Quello di Germano Rubbi (Dalia Edizioni) è un racconto storico sulla resistenza. I nomi dei protagonisti sono stati cambiati, i luoghi no. I fatti narrati quindi si sono svolti realmente a Calvi dell’Umbria nei mesi successivi all’8 settembre 1943 e antecedenti al 25 Aprile 1945. L’opera compie un ottimo lavoro di ricostruzione senza cadere nelle opposte trappole della mitizzazione di Stato e la conseguente istituzionalizzazione dell’azione partigiana e del becero revisionismo in certa di scoop e guadagni facili.
Il titolo dell’opera “I partigiani non c’erano” a nostro giudizio può sottolineare, come si capisce leggendo il libro, due aspetti storici delle azioni militari allora contrapposte, quella partigiana e quella nazifascista.
Da un lato la difficoltà di quest’ultima nello stanare i partigiani sulle montagne e quindi il colpire per rappresaglia, seguendo una strategia terrorista e vigliacca i civili, dall’altro l’impossibilità dell’azione partigiana di correre in aiuto di questi per fermare le stragi.

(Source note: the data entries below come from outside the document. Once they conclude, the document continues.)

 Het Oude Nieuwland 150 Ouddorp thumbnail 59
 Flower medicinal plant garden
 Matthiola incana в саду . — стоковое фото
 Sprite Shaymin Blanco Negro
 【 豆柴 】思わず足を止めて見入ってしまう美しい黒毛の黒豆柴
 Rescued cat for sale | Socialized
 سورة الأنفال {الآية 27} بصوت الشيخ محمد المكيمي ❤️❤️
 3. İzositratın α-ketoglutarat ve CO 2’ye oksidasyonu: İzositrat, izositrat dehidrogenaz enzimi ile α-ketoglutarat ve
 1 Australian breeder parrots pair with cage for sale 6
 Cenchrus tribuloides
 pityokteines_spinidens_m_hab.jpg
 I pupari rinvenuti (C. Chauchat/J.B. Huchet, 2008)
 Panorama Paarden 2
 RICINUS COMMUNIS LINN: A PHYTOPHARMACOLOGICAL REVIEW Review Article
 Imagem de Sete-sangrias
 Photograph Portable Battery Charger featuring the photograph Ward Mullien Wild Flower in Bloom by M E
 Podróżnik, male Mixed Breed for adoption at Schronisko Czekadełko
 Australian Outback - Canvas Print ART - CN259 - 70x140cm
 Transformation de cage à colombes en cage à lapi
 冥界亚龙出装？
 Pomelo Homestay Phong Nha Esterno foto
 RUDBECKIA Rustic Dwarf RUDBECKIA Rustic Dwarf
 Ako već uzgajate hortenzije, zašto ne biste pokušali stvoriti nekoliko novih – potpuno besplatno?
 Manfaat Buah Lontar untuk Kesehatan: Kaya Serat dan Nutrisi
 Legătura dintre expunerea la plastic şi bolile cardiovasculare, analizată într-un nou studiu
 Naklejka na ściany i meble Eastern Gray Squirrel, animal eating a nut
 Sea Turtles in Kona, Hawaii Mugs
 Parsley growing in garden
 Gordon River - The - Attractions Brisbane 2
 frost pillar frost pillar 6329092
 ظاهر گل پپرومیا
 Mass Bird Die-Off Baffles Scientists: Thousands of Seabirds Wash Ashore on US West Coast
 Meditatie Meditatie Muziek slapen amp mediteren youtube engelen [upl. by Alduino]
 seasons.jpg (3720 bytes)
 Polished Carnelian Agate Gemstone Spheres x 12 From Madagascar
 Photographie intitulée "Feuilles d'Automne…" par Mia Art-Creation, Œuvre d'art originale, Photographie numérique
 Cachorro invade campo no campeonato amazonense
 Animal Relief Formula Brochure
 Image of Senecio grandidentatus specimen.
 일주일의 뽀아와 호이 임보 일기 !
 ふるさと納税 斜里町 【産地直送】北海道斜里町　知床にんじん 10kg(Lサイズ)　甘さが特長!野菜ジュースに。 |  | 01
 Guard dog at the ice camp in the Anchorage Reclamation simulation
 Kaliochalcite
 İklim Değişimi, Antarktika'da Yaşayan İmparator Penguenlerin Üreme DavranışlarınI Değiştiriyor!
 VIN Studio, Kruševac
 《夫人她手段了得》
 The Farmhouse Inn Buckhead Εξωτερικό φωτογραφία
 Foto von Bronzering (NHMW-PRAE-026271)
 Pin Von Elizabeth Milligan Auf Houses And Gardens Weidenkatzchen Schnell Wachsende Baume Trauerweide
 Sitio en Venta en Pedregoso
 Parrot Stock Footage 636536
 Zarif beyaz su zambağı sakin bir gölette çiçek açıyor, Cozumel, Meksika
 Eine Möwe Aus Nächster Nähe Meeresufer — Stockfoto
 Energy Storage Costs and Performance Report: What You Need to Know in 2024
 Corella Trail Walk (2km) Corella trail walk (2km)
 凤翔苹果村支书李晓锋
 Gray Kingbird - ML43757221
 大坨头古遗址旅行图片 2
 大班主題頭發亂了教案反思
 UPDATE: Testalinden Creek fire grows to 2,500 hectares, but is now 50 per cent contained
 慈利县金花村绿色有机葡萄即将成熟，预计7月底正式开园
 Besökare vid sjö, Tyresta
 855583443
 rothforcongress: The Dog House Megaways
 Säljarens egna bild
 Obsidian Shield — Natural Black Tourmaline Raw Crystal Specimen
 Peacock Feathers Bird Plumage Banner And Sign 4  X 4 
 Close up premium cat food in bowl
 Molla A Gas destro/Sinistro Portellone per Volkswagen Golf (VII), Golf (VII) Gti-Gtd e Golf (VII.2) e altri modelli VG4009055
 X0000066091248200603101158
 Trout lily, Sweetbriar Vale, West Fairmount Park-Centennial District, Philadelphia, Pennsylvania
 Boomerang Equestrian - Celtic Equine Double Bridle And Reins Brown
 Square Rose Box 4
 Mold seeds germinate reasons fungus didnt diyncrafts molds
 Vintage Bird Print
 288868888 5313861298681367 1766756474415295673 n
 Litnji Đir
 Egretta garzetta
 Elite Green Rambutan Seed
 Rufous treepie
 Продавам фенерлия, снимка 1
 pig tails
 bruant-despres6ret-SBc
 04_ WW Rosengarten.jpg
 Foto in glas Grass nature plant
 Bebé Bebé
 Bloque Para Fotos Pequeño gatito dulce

In questo senso il libro colpisce perfettamente nel segno e rende benissimo l’idea della confusione che regnava in quei mesi, in cui si approfittava di vecchi rancori per delazionare anche l’incolpevole vicino e saldare così i conti una volta per tutte. Giorni in cui le linee di comando erano talmente confuse che neanche gli stessi militari tedeschi sapevano chi prendeva gli ordini da chi.
I personaggi del libro sono ben descritti e ben definiti sotto tutti i profili, l’insieme è convincente e ben strutturato.
Unico appunto da fare all’autore, ci sarebbe davvero piaciuto conoscere tutti i “finali” dei protagonisti.
Ad ogni modo l’opera va comunque meritoriamente inserita nell’ottica del lavoro che diversi autori portano avanti (primi fra tutti i Wu Ming) sul dovere di raccontare storie sulla resistenza, per mantenere viva la memoria, per far capire quello che è successo in quei mesi confusi, per capire le origini della nostra Repubblica. Senza cadere come dicevamo nei tranelli revisionisti o dell’equiparazione delle responsabilità dovuti al sempre troppo abusato motto “chi ha avuto ha avuto, chi ha dato ha dato, scordammoce ‘o passato”, ne’ tanto meno di mitizzare e far diventare eroi perfetti senza macchia quelle persone che hanno fatto la scelta di fare qualcosa senza aspettare inermi la manna angloamericana. Come sosteneva Italo Calvino: “non è detto che fossimo santi, l’eroismo non è sovraumano”.
Occorre capire il contesto in cui si svolgono le storie, non per giudicare ma per comprendere quello che è successo. I libri come quello di Rubbi aiutano.